For company founders, hiring employees is a major step that involves a host of business, financial, and legal considerations.

  • Hire the right employee, and your company could reach new heights.
  • Hire someone who lacks respect for your company’s core values, and you may find yourself performing damage control with your customers and the public on social media.
  • Do things by the book, and you can feel confident that your decision to hire has not created unnecessary legal exposure.
  • Ignore the legal aspects of employment, and you may soon find yourself facing a civil action or regulatory enforcement.

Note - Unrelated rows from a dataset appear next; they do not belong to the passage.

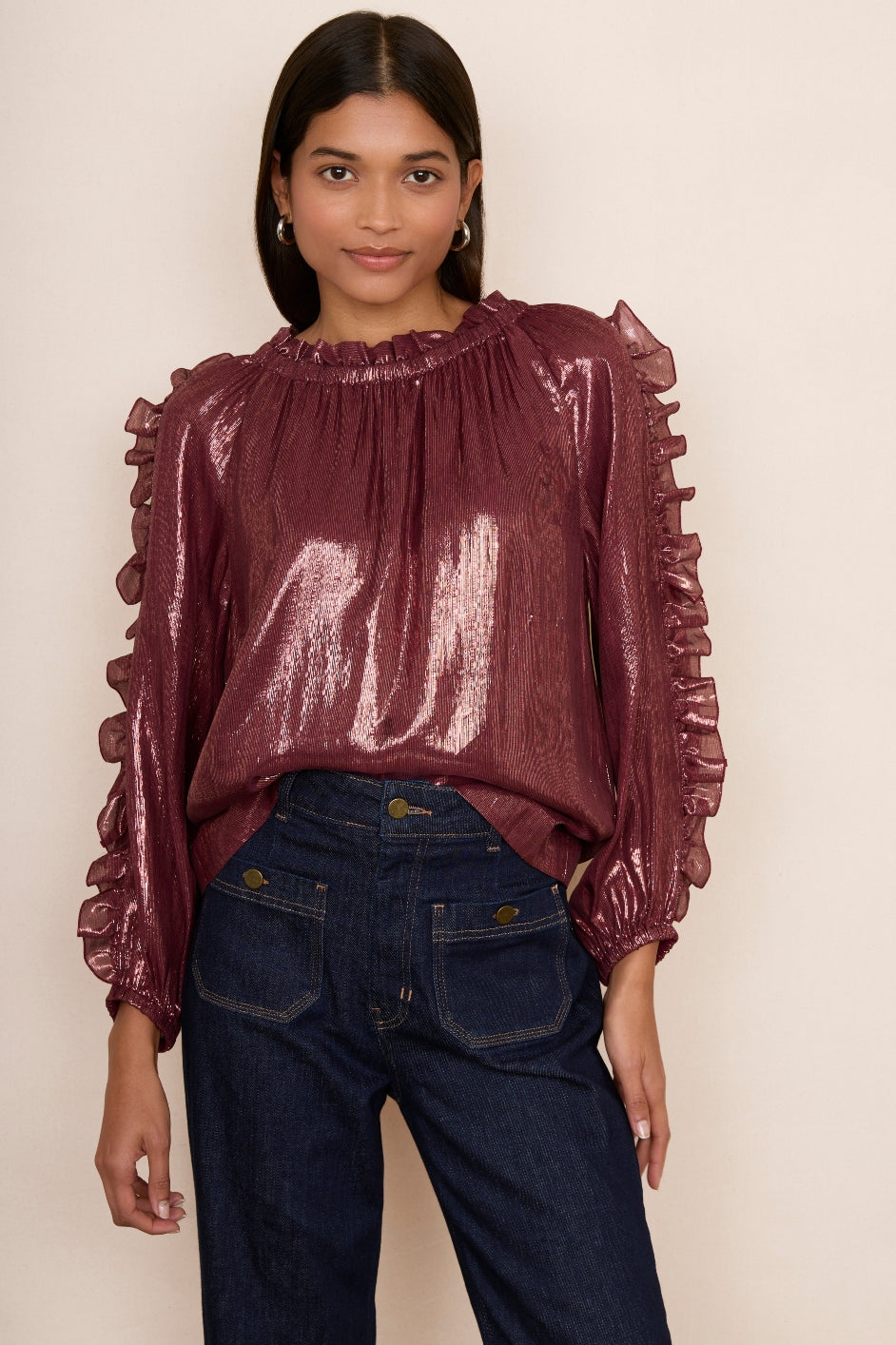 Rae Ruffle Sleeve Silk Blend Lame Top - Plum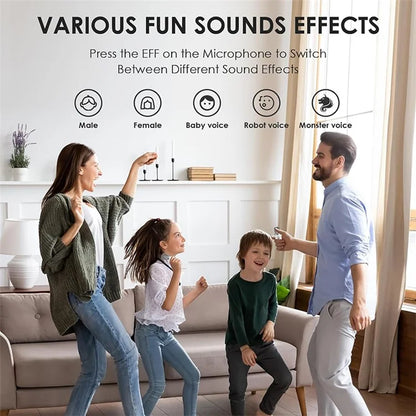YS307 Home Karaoke Bluetooth Speaker RGB Light Loudspeaker with 2 Microphones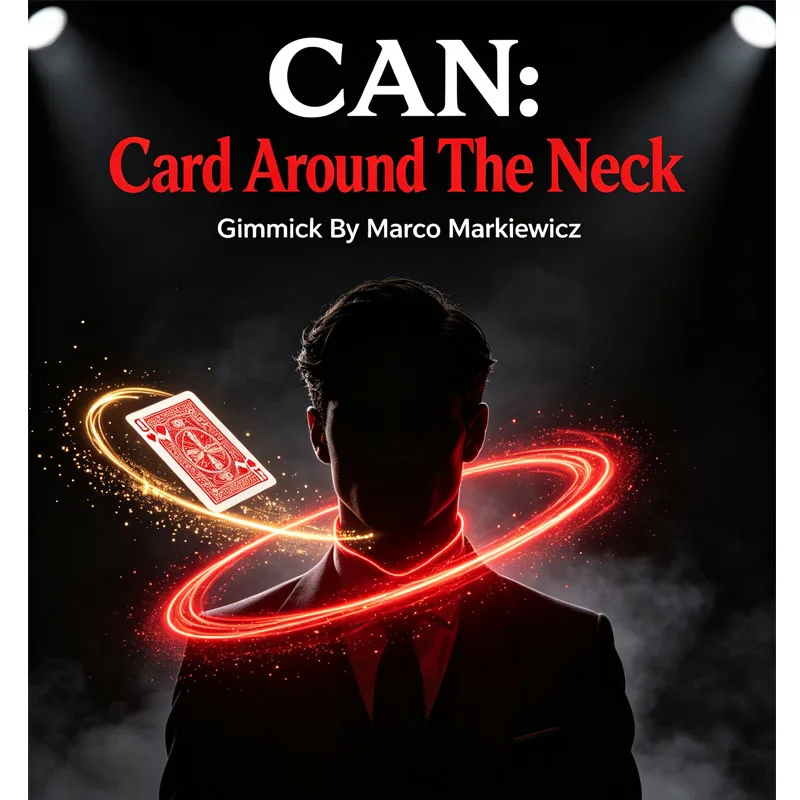 CAN: Card Around The Neck Gimmick By Marco Markiewicz Signed Card Magic Trick Impossible Card Location Close Up Illusions Props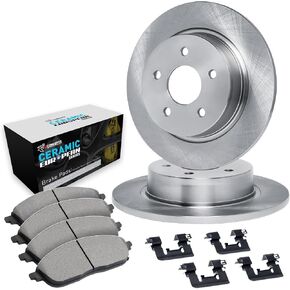 R1 Concepts Rear Brakes and Rotors Kit |Rear Brake Pads| Brake Rotors and Pads| Euro Ceramic Brake Pads and Rotors| Hardware Kit|fits 2002-2022 Nissan Altima, Juke, Maxima, Sentra; Renault Safrane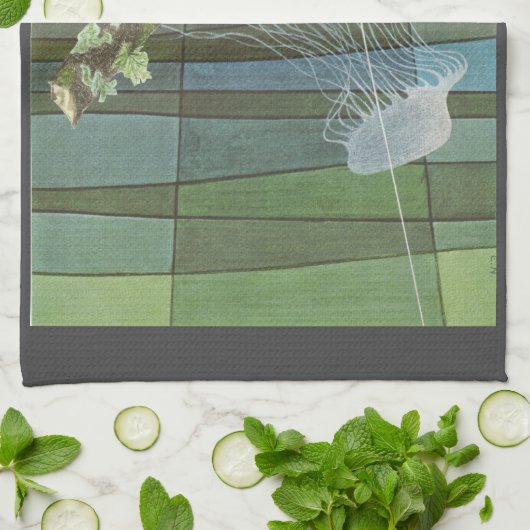 地衣くらげ- キッチンタオル (折り畳み)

From a legal perspective, hiring employees presents a variety of potential issues. However, most of these issues can – and should – be addressed proactively, and hiring does not have to involve digging into the quagmire of state and federal employment laws. Your attorney should be able to tell you what you need to know, and he or she should be able to provide you with the legal documentation necessary to protect your company’s interests and help you comply with the law. In a typical scenario, the following are the basic legal considerations involved in taking on employees.

1. At-Will Employment vs. Contract-Based Employment

In the United States, most employees serve under what is known as “at-will” employment. This means that the employee does not have a contract with a specified duration, but rather is subject to termination at any time as dictated by the business’s needs.

However, while at-will employment offers certain benefits to employers (and employees), there are certain circumstances in which executing an employment agreement may be beneficial for both parties. You can learn more about using employment agreements in our previous article, 12 Points You Must Cover as a Founder to Make Your Employment Agreement Rock Solid.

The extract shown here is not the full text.